The examination is indicated in cases (or suspected) of head trauma, brain tumor, aneurysm, stroke, infection, hydrocephalus, headaches, epileptic seizures, nodules, changes in behavior or personality, among others.
Computed tomography of the skull is performed with the patient lying flat on the stomach and with the head resting on an appropriate backrest to remain immobile during the examination. The arms can be stretched to the side of the body or positioned on the abdomen.
During the examination, the table on which the patient is lying down slides back and forth between the tomography apparatus, which is in the form of a ring. O tomograph emits x-rays that cross the skull and are picked up by a scanner, providing well-detailed images of the head.
The scan is done without anesthesia and the person stays awake throughout the procedure, which lasts at most 10 minutes. CT scans do not cause any type of pain, as well as traditional X-ray examinations.
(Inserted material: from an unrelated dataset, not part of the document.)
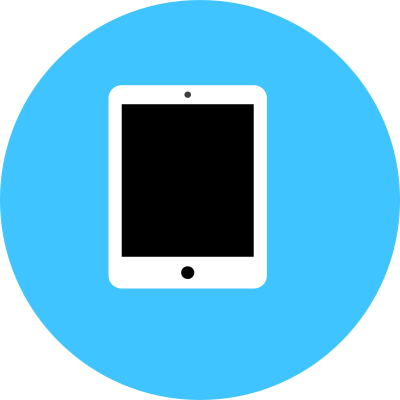 Blue Tablet clipart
You may need to use contrast, which serves for the doctor to be able to better visualize some structures or lesions that are more visible with the contrasted substance, such as tumors and brain abscesses.
The contrast is usually injected directly into a vein in the hand or arm through a small needle and is usually excreted in the urine within 24 hours.
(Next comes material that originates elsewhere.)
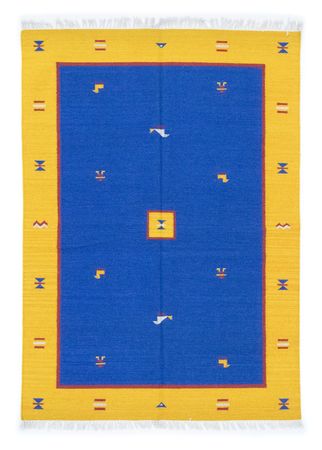 Tapis Kelim - Tendance - 200 x 140 cm - bleu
The contrast media may cause some reactions and side effects in some people, such as malaise, indisposition, nausea, itching and redness. However, these signs and symptoms are usually mild and disappear spontaneously in a short time. Allergic reactions to contrast are rare.
It takes 4 hours of fasting to take the exam. Usual medications should not be discontinued unless you are diabetic and take medications with metformin, such as Diaformin, Glucoformin and Glifage. In such cases, it is necessary to suspend medication in the 24 hours before and after CT scan.
You also need to inform the doctor in case of kidney problems, use of a pacemaker or other implanted device.
For further clarification on the procedure and possible risks of cranial tomography, speak with the doctor who requested the CT scan or the radiologist who is responsible for the examination.